Según la Defensoría del Pueblo, entre 2017 y el 30 de junio de 2019 fueron asesinados 353 líderes sociales y defensores de DDHH en Colombia -una cifra infravalorada, pues estos homicidios no siempre se reportan como tales-; así que, cada dos días y medio cae una de esas personas que deberían estar más que cuidadas, ya que trabajan para la sociedad. Y esto sucede después de la firma de los Acuerdos de Paz. Cierto: las muertes violentas en Colombia, en general, se han reducido desde entonces, pero las de líderes y lideresas se han incrementado.

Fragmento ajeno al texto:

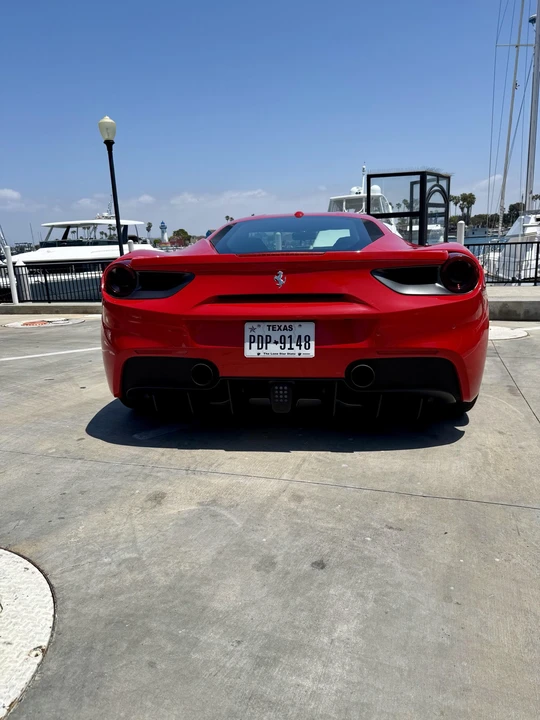 2016 Ferrari 488 GTB - Image 5 of 31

Ojalá no suceda a Colombia lo que contaba García Márquez que expresaba su amigo Germán Vargas: «Empezó a mejorar para mal».
Pero, ¿quiénes son los asesinados y cuáles los «motivos»? La respuesta varía mucho según provenga de la sociedad civil y de los propios líderes, o del Gobierno.
Para la sociedad civil, el asunto, dentro de su complejidad, está bastante claro: la mayoría de los crímenes se cometen contra defensores/as afrodescendientes, indígenas, campesinos y líderes comunitarios; y las «razones» se encuentran, por una parte, en los intereses del narcotráfico o de los grupos armados -como el ELN o las disidencias de las FARC- cuando sienten cuestionado su poder en los territorios donde actúan; y, por otra, en la defensa de otros lucros indebidos, como los de la minería ilegal -el oro por ejemplo, cuya extracción contamina los ríos con mercurio-, la tierra mal habida o el uso de los recursos naturales. Según el Instituto de Estudios para el Desarrollo (Indepaz), organización que lleva un registro sistemático de estos crímenes, los conflictos por la tierra, el territorio y los recursos naturales representan el 80 por ciento de los homicidios. Indepaz clama: «A los líderes sociales los matan por defender el agua, por enfrentarse a la minería ilegal, por oponerse a la deforestación, por reclamar tierras».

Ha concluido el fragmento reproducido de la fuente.